» **Exercise material**
+ + + +
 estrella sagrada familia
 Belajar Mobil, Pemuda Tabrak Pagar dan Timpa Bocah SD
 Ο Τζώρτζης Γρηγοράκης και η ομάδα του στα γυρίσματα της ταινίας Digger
+ + + +
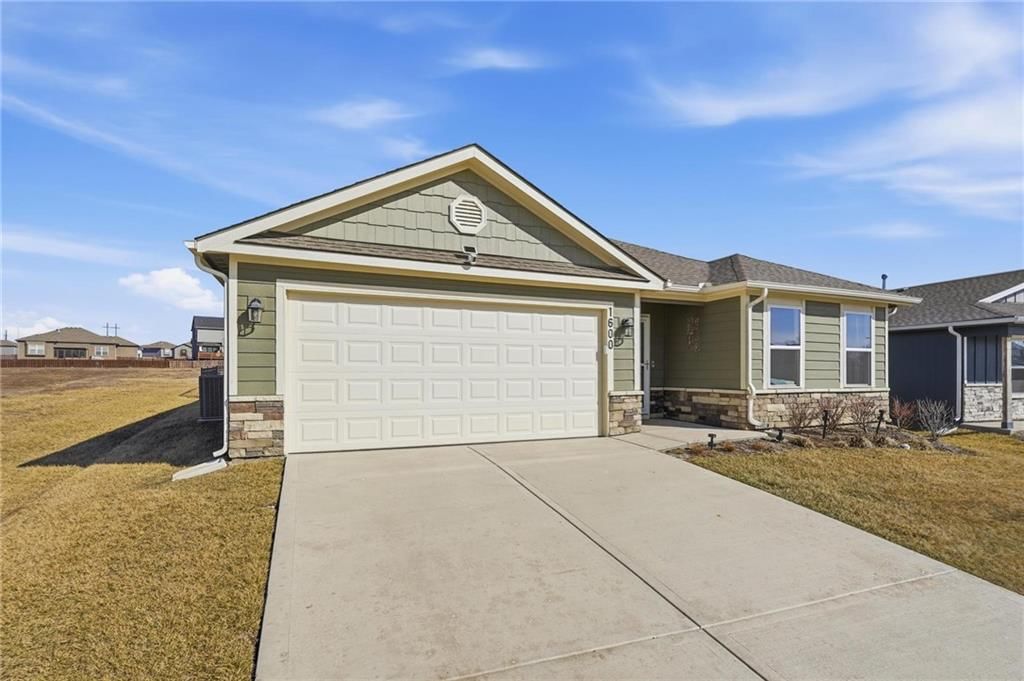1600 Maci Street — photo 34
+ + + +
» **Problem to solve**
From the records above, repeat exactly the lines from the one with "estrella sagrada familia" through the one with "Ο Τζώρτζης Γρηγοράκης", both included.

» **Task result**
 estrella sagrada familia
 Belajar Mobil, Pemuda Tabrak Pagar dan Timpa Bocah SD
 Ο Τζώρτζης Γρηγοράκης και η ομάδα του στα γυρίσματα της ταινίας Digger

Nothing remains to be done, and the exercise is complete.